_Problem to solve_: Please reproduce all of the lines below, word for word and in full.

(Data extracted from a collection)
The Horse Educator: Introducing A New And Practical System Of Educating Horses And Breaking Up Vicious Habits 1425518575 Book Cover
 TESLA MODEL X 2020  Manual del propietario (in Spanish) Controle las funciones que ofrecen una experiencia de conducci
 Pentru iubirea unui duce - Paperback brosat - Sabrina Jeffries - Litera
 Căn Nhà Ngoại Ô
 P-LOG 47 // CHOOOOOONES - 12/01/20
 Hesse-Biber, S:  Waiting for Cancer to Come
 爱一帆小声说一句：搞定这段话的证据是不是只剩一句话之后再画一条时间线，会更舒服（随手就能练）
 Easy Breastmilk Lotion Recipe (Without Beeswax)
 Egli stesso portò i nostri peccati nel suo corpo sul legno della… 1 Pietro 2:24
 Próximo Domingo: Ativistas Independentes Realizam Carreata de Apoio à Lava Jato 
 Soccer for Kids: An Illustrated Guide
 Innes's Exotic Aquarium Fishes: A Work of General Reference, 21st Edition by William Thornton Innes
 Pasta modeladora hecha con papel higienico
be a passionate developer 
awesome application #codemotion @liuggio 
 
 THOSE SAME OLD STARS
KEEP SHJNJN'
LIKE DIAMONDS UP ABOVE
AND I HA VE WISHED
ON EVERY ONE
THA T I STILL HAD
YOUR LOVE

_Final answer_:
The Horse Educator: Introducing A New And Practical System Of Educating Horses And Breaking Up Vicious Habits 1425518575 Book Cover
 TESLA MODEL X 2020  Manual del propietario (in Spanish) Controle las funciones que ofrecen una experiencia de conducci
 Pentru iubirea unui duce - Paperback brosat - Sabrina Jeffries - Litera
 Căn Nhà Ngoại Ô
 P-LOG 47 // CHOOOOOONES - 12/01/20
 Hesse-Biber, S:  Waiting for Cancer to Come
 爱一帆小声说一句：搞定这段话的证据是不是只剩一句话之后再画一条时间线，会更舒服（随手就能练）
 Easy Breastmilk Lotion Recipe (Without Beeswax)
 Egli stesso portò i nostri peccati nel suo corpo sul legno della… 1 Pietro 2:24
 Próximo Domingo: Ativistas Independentes Realizam Carreata de Apoio à Lava Jato 
 Soccer for Kids: An Illustrated Guide
 Innes's Exotic Aquarium Fishes: A Work of General Reference, 21st Edition by William Thornton Innes
 Pasta modeladora hecha con papel higienico
be a passionate developer 
awesome application #codemotion @liuggio 
 
 THOSE SAME OLD STARS
KEEP SHJNJN'
LIKE DIAMONDS UP ABOVE
AND I HA VE WISHED
ON EVERY ONE
THA T I STILL HAD
YOUR LOVE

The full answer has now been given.